#### [WHAT NEEDS TO BE DONE]
Every entry in the data that follows should come back exactly, pictures aside.

#### [RECORDS FOR THIS TASK]
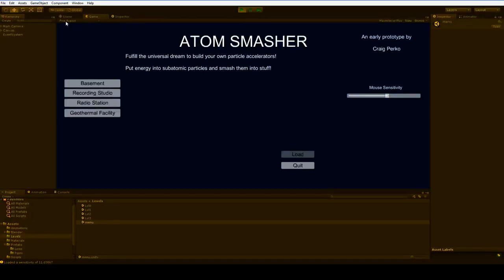Hello. I've been turning the AtomSmasher prototype into a game, and that means a lot of work on the UI. Now that I've done a lot of that work, I'm looking back on the prototype and just getting the creeps. It's so awful.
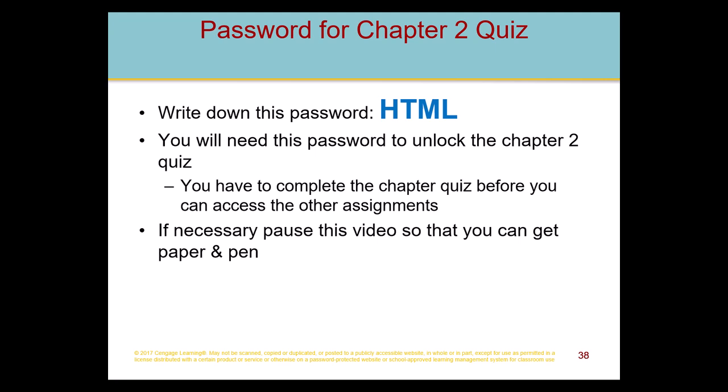At this time, the password for this week's Chapter 2 quiz is HTML — all caps. Remember, passwords are always case sensitive, so make sure you write it down. You'll need it to access the Chapter 2 quiz. Once you've completed both Chapter 1 and Chapter 2 quizzes, you'll be able to access the rest of this week's assignments. If you don't have paper and pencil handy, press pause.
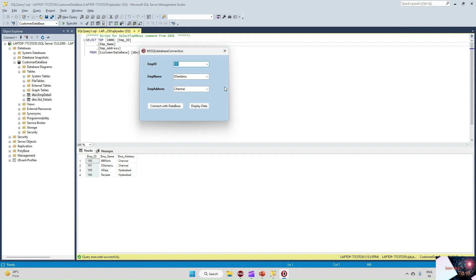So this is how we can do the Delphi connection with the database dynamically. Thank you very much.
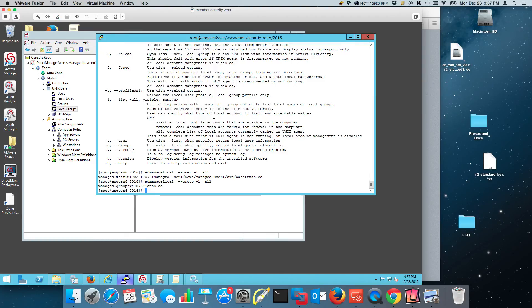This is local user and group management using Centrify Server Suite 2016. Thank you.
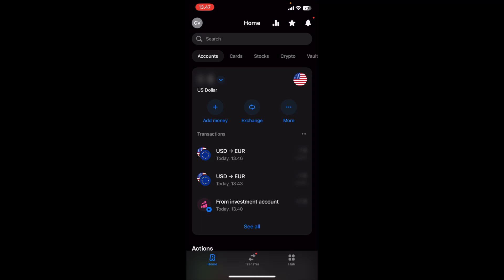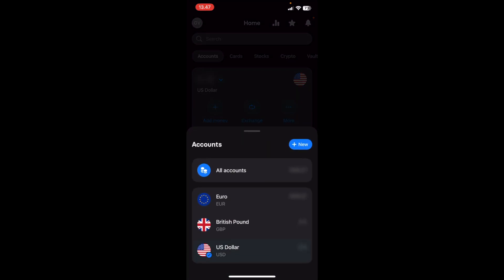what you want to do is make sure that you actually have different accounts by clicking on the arrow next to the amount. So here you can see that I have three different accounts: Euro, British Pound, and US Dollar.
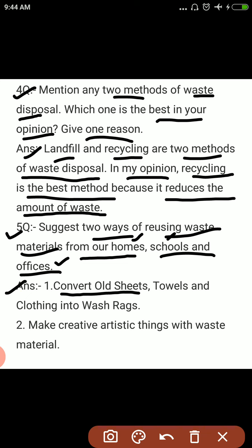Answer: Convert old sheets, towels and clothing into wash rags. तो जो पुरानी sheets पड़ी होती हैं, towels पड़े होते हैं, और कपड़े पड़े होते हैं — उनको wash rags के अंदर, मतलब कुछ धोने के लिए, कुछ साफ करने के लिए उनमें use कर सकते हैं.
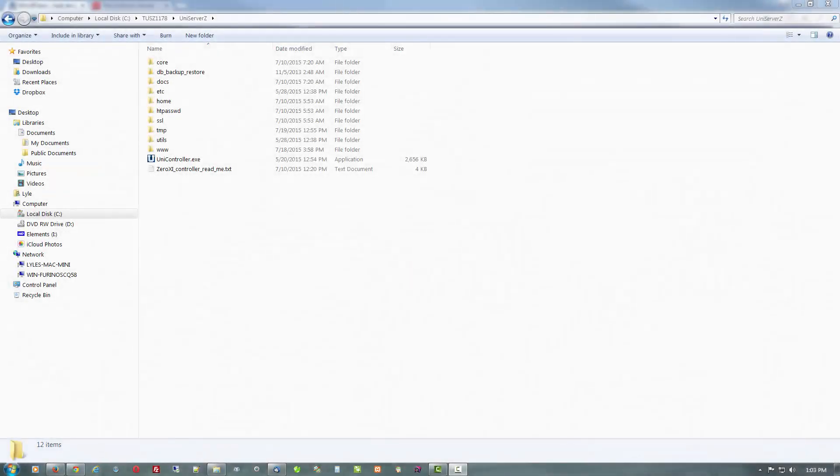Hey everybody, today's video is going to be about setting up and using a local web server on your Windows based computer.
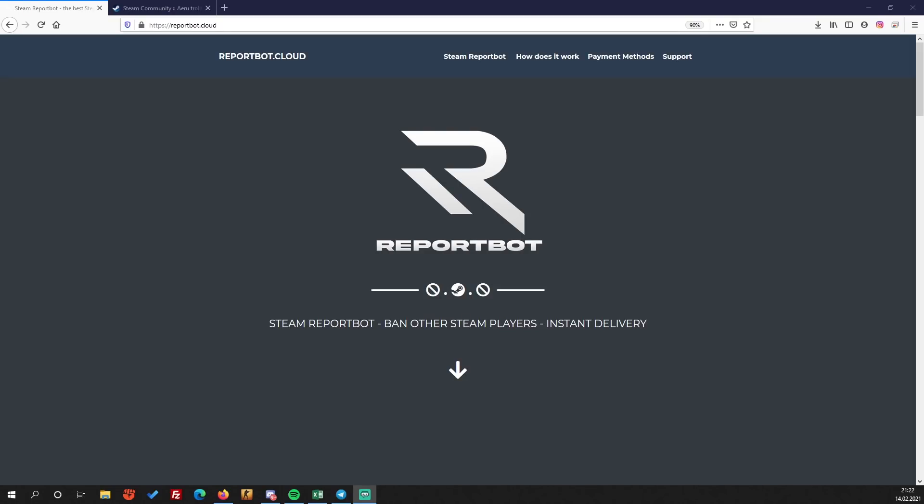Yo, what is going on guys, it's Ariel here coming back with a brand new video here on my channel. Today guys, I'm going to show you reportbot.cloud. Reportbot.cloud offers a report bot for Steam accounts.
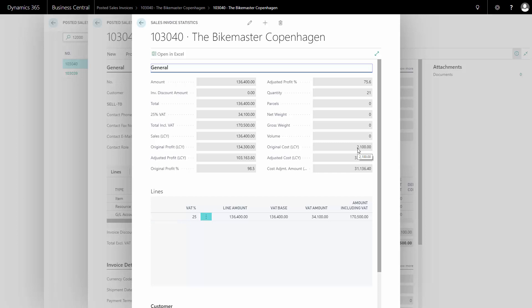Afterwards the item was produced and put on inventory, and only then was the actual cost known. Meaning the adjusted profit will be another amount, and the adjusted percentage of course. In this way I can see my sales order statistics and how my specific order performed.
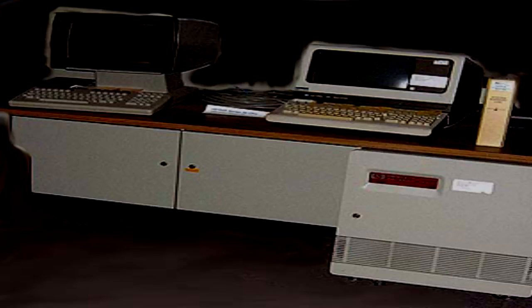Video surveillance equipment is to be installed outside the observation windows to record the device's output, as well as any input provided by SCP-1190-1. All recordings from the surveillance equipment are to be permanently archived for study.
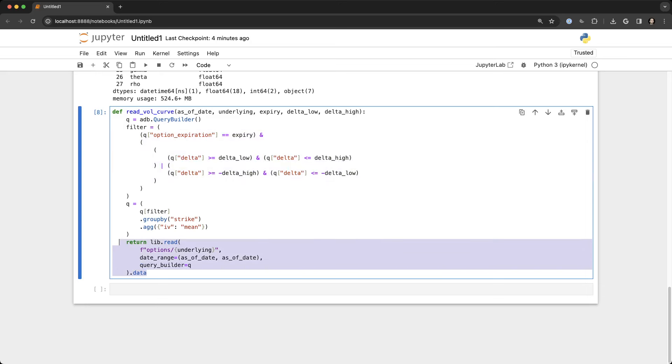And what this is doing is actually filtering the data for a specific expiration date and between a low delta and a high delta.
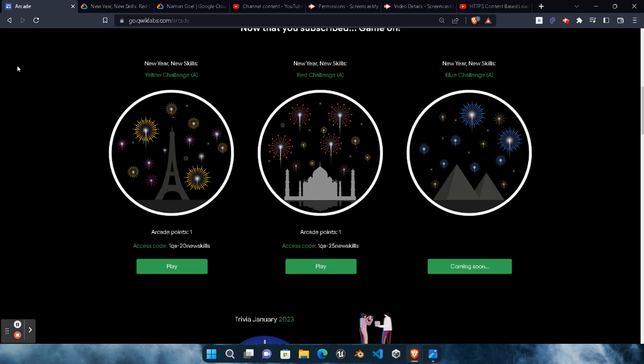New subscribers should be aware that the green challenge is over and the yellow challenge is also finished because the deadline has passed. What you need to focus on now is the red challenge and the blue challenge, and the upcoming challenges. This whole Arcade 2023 event will end in June, so till June a lot of games will be coming up. If you skip any challenge or are not able to complete it, don't worry — just focus on the upcoming challenges. In the 2022 arcade event I skipped seven badges but still earned three swags from Google Cloud.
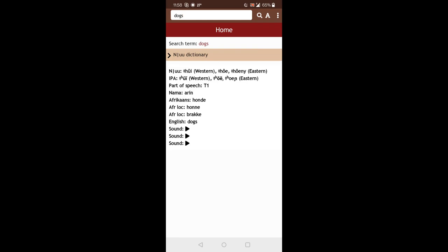And then there are translations in Nama, Afrikaans, the local Afrikaans, English. And it has some sound, some recordings. And you'll see that for the local Afrikaans, there are actually two words. So these are synonyms. These are two words that have the same meaning.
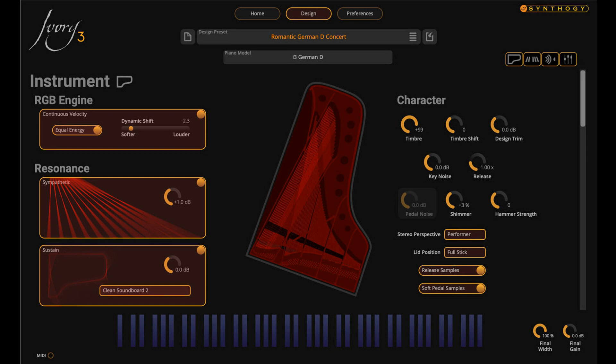No more discrete velocity levels. Dynamic shift provides fine control over your high-resolution velocity to timbre response. Hammer strength changes the character of piano strikes from soft hammer to hard. Enhanced sympathetic resonance and sustained resonance is harmonic resonance modeling on steroids, with more harmonic overtones and dynamic control.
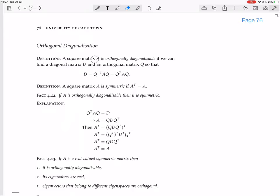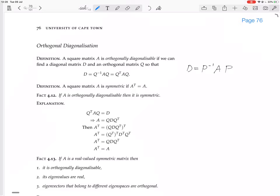A square matrix A is orthogonally diagonalizable if we can find a diagonal matrix D and an orthogonal matrix Q, so that D equals Q inverse AQ. Of course, because Q is orthogonal, Q inverse is the same as Q transpose, so D equals Q transpose AQ. Remember, we say a matrix is diagonalizable if you can find a matrix P and a matrix D so that you have P inverse AP, where D has eigenvalues on the diagonal and P has eigenvectors as columns.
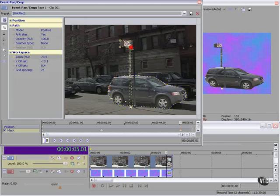Somehow these points got moved, so what I need to do is reestablish these at the correct position.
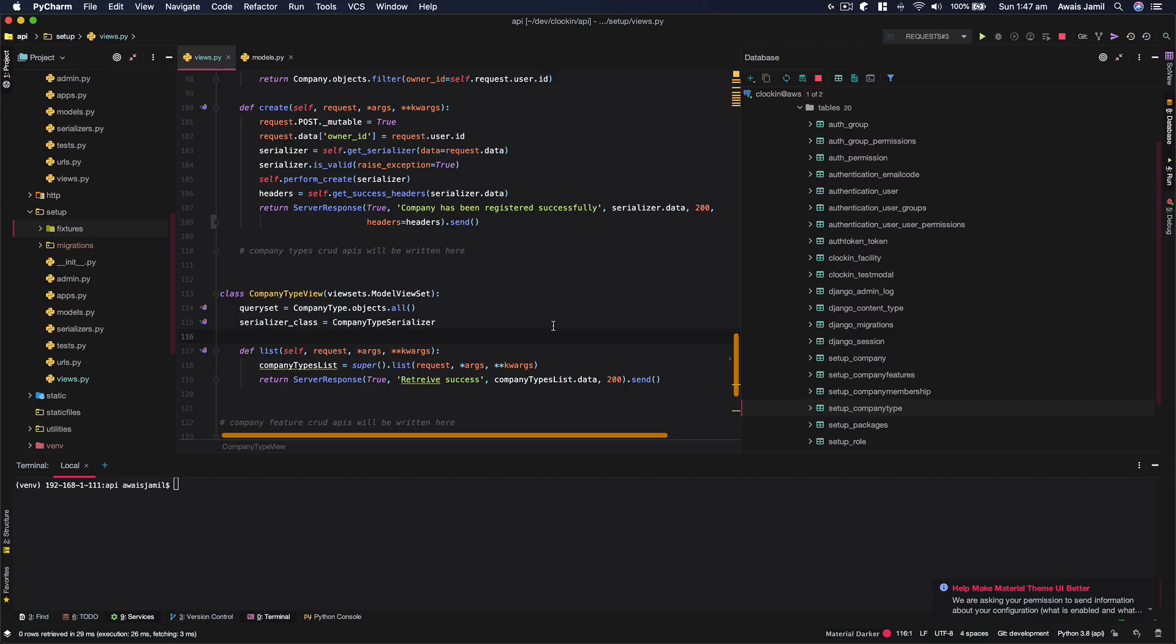Welcome everybody. This is Alois back with another video on the channel. In this video, I would like to show you how you can preload your data into your database when you're working with Django or Django REST framework.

#### [FINISHED TASK]
Hello. I've been turning the AtomSmasher prototype into a game, and that means a lot of work on the UI. Now that I've done a lot of that work, I'm looking back on the prototype and just getting the creeps. It's so awful.
At this time, the password for this week's Chapter 2 quiz is HTML — all caps. Remember, passwords are always case sensitive, so make sure you write it down. You'll need it to access the Chapter 2 quiz. Once you've completed both Chapter 1 and Chapter 2 quizzes, you'll be able to access the rest of this week's assignments. If you don't have paper and pencil handy, press pause.
So this is how we can do the Delphi connection with the database dynamically. Thank you very much.
This is local user and group management using Centrify Server Suite 2016. Thank you.
what you want to do is make sure that you actually have different accounts by clicking on the arrow next to the amount. So here you can see that I have three different accounts: Euro, British Pound, and US Dollar.
Answer: Convert old sheets, towels and clothing into wash rags. तो जो पुरानी sheets पड़ी होती हैं, towels पड़े होते हैं, और कपड़े पड़े होते हैं — उनको wash rags के अंदर, मतलब कुछ धोने के लिए, कुछ साफ करने के लिए उनमें use कर सकते हैं.
Hey everybody, today's video is going to be about setting up and using a local web server on your Windows based computer.
Yo, what is going on guys, it's Ariel here coming back with a brand new video here on my channel. Today guys, I'm going to show you reportbot.cloud. Reportbot.cloud offers a report bot for Steam accounts.
Afterwards the item was produced and put on inventory, and only then was the actual cost known. Meaning the adjusted profit will be another amount, and the adjusted percentage of course. In this way I can see my sales order statistics and how my specific order performed.
Video surveillance equipment is to be installed outside the observation windows to record the device's output, as well as any input provided by SCP-1190-1. All recordings from the surveillance equipment are to be permanently archived for study.
And what this is doing is actually filtering the data for a specific expiration date and between a low delta and a high delta.
New subscribers should be aware that the green challenge is over and the yellow challenge is also finished because the deadline has passed. What you need to focus on now is the red challenge and the blue challenge, and the upcoming challenges. This whole Arcade 2023 event will end in June, so till June a lot of games will be coming up. If you skip any challenge or are not able to complete it, don't worry — just focus on the upcoming challenges. In the 2022 arcade event I skipped seven badges but still earned three swags from Google Cloud.
And then there are translations in Nama, Afrikaans, the local Afrikaans, English. And it has some sound, some recordings. And you'll see that for the local Afrikaans, there are actually two words. So these are synonyms. These are two words that have the same meaning.
No more discrete velocity levels. Dynamic shift provides fine control over your high-resolution velocity to timbre response. Hammer strength changes the character of piano strikes from soft hammer to hard. Enhanced sympathetic resonance and sustained resonance is harmonic resonance modeling on steroids, with more harmonic overtones and dynamic control.
A square matrix A is orthogonally diagonalizable if we can find a diagonal matrix D and an orthogonal matrix Q, so that D equals Q inverse AQ. Of course, because Q is orthogonal, Q inverse is the same as Q transpose, so D equals Q transpose AQ. Remember, we say a matrix is diagonalizable if you can find a matrix P and a matrix D so that you have P inverse AP, where D has eigenvalues on the diagonal and P has eigenvectors as columns.
Somehow these points got moved, so what I need to do is reestablish these at the correct position.
Welcome everybody. This is Alois back with another video on the channel. In this video, I would like to show you how you can preload your data into your database when you're working with Django or Django REST framework.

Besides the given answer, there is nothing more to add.